We suggest that a bolder version of intermediate care is neededone
that is more consistent with the needs of older people with
chronic conditions, including cognitive impairment. The current
perception of intermediate care as simply a new and discrete
tier of community services is to miss its full potential [
14].
It is useful to consider the underlying principles of intermediate
care: multi-agency working; comprehensive, shared assessments
and person-centred care based on an enabling (rehabilitation)

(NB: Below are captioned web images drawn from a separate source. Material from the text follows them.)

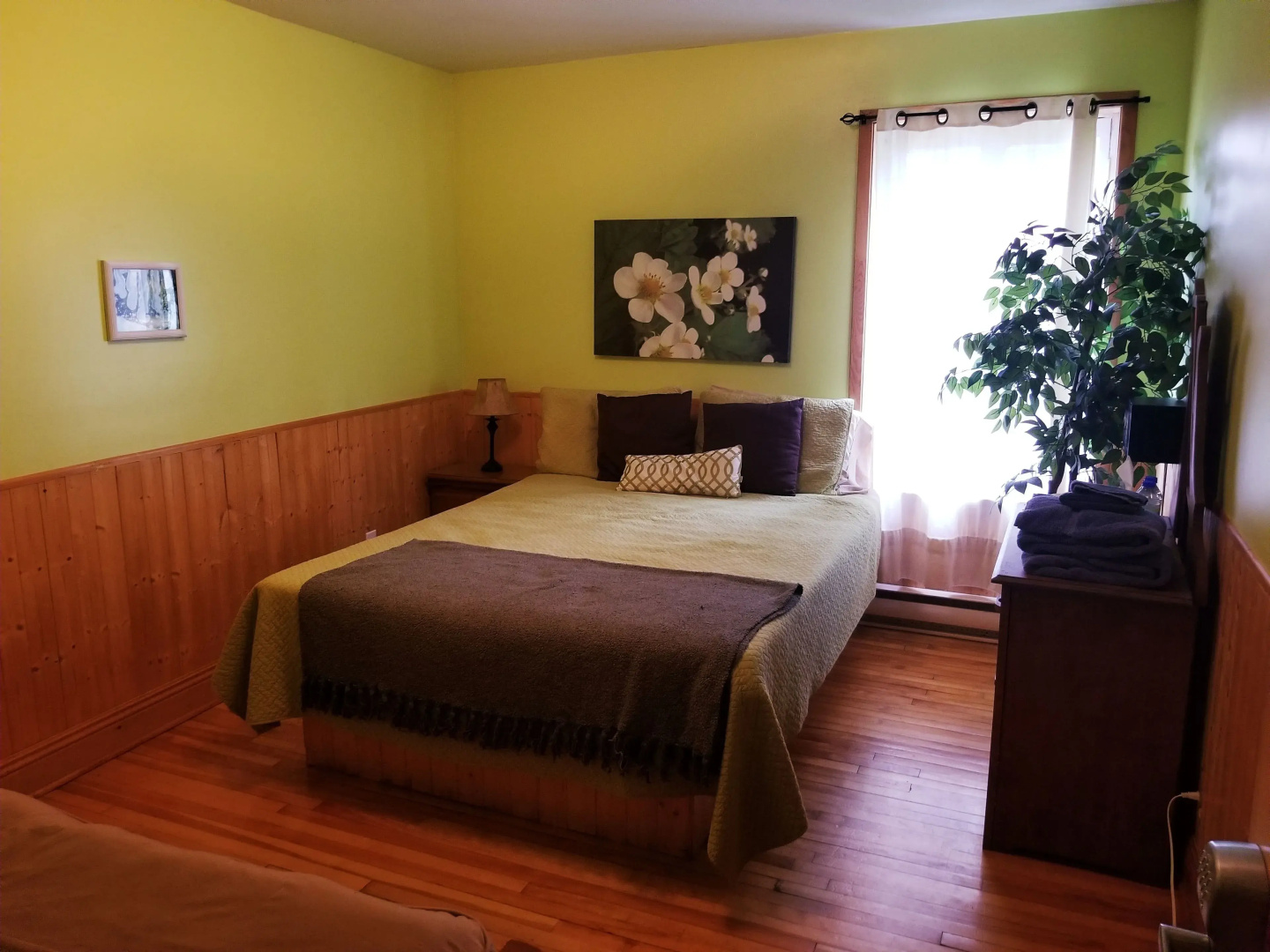 Auberge Le P'tit Bonheur - Hostel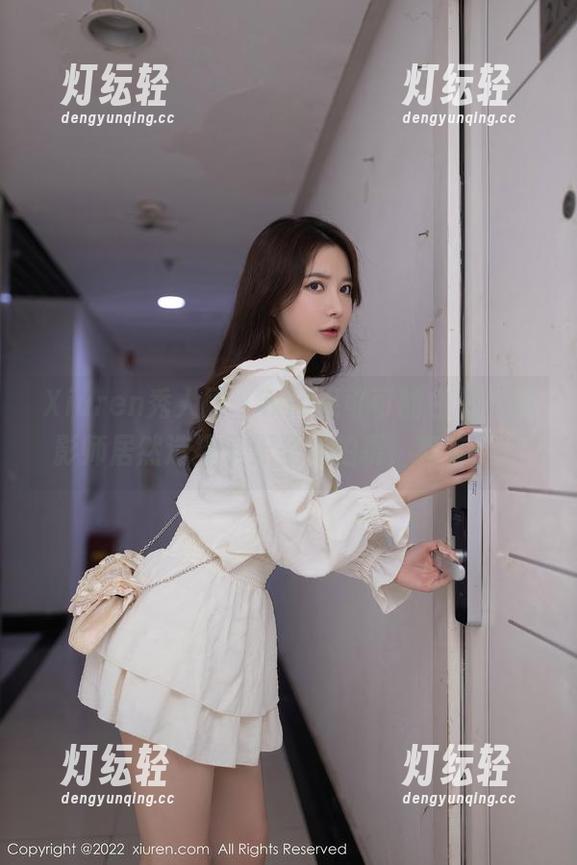 Xiuren秀人网 - Nic妮可可的白裙，摄影师居然选择了无圣光拍摄，真有个性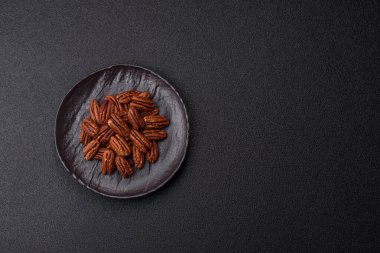 Fındık, seramik kasede ceviz, vejetaryen yemeğinin malzemesi. Besin kaynağı olarak fındık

approach. There is no fundamental reason why these good practice
principles should be confined to intermediate care services.
Rather, the policy of intermediate care could be viewed as a
stepping stone, a practical mechanism, to introduce these important
concepts as acceptable and routine new ways of supporting older
people. In other words, intermediate care becomes an embedded
function of the care delivered by those staff engaged in supporting
older people in the community rather than as a service in its
own right. Thus, the person may sometimes be receiving intermediate
care according to our current understanding (e.g. care that
avoids unnecessary time in hospital), and they may at other
times be receiving ongoing care at home but delivered by the
same people. Essentially, most of the community staff will be
adopting a rehabilitation philosophy and incorporating the principles
of intermediate care into their daily practice. The key to this
approach is probably having a sufficiently large pool of well-trained
and well-supported generic rehabilitation/care support staff,
working as teams and under guidance from clinical managers,
to provide the day-to-day support for people and thus deliver
the continuity of care which service users, especially older
people, value highly [
18]. As with current intermediate care
practice, it would be crucial for arrangements to be in place
for quick access to medical assessment, for example from a general
practitioner or geriatrician.
The future pattern of community care for older people could be one in which well-resourced health and social care locality teams are jointly commissioned by the local planning partners. Such teams could bring together a full range of professions and skills, generalists and specialists, underpinned by many trained rehabilitative support workers able to offer continuity of care and able to respond flexibly and quickly to change in needs of the most vulnerable older people. In this way, we could achieve a step change in community care for older individuals with intermediate care as currently conceived becoming an historical steppingstone.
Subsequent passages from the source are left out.